Toni Smith, sales operations director, First Complete

There is much talk about the new affordability criteria under the MMR; as lenders start to reveal their requirements it is becoming clear that while some want more basic affordability information others want everything from the amount spent on lottery tickets to the cost of a haircut.

This raises a number of issues, at least one of which may well lead to a market distortion.  

The key issue is: will borrowers even have the information asked for by lenders? When asked for the amount spent on alcohol for example, will a borrower be able to pin point this amount amongst their grocery bill or the cash they draw out?

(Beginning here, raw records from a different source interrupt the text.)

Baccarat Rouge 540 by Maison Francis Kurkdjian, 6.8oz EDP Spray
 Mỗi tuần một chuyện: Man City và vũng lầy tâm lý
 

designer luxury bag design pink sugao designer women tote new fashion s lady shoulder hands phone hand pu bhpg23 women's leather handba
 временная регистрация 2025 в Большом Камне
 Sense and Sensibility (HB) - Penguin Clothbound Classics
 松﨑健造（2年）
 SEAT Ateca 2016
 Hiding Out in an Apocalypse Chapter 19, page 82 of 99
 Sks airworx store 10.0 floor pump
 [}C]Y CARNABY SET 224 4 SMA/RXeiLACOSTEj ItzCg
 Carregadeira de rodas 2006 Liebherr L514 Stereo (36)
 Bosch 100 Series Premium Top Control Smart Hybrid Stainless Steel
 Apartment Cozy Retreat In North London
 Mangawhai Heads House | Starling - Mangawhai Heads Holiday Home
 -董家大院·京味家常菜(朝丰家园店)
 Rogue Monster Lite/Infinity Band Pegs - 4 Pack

Or take the amount someone spends on clothes, many people have a blitz and buy several items and then buy nothing else for months, making calculating a monthly expenditure something of a challenge.  

Additionally most people who are sensible with their money will spend at a time when they have money but cut back during more austere times as evidenced by the drop in retail sales over the past few years.

Discretionary spend such as that on clothes and alcohol also raises another issue: just how honest are a husband and wife with regards to their expenditure on such issues?  How many females really tell their spouse or partner exactly what they spend on shoes or getting their hair done, and how many males admit to just how much they spend on golf membership, a night out with the boys or drinks after work?  If they don’t admit it to each other it is unlikely that they will admit to it to a mortgage broker with their other half in the room.  

This is unlikely to be because they intentionally want to commit mortgage fraud but more because of the potential friction caused by their actual expenditure coming out in the open.  I expect that there will be many brokers who will experience a few fireworks in their office when forced by a lender to challenge their clients’ discretionary outgoings.

This leads me to the path of least resistance and potential market distortion.  Given the above information, there are likely to be many people who will not want to reveal such intrusive information even if they are single or completely transparent about their finances.  How much therefore, will they prefer to choose a lender who may not have the best rate but who asks for less information?  As a result, it could well be that brokers are put under pressure to place mortgages with the lenders who ask for the least information, compromising best advice  

This could well lead to some lenders getting significantly more business than others.   

The positive in this is that it may lead to more consistent criteria across lenders over time, but in the short term it could well cause a market distortion in favour of the lenders with the simplest criteria.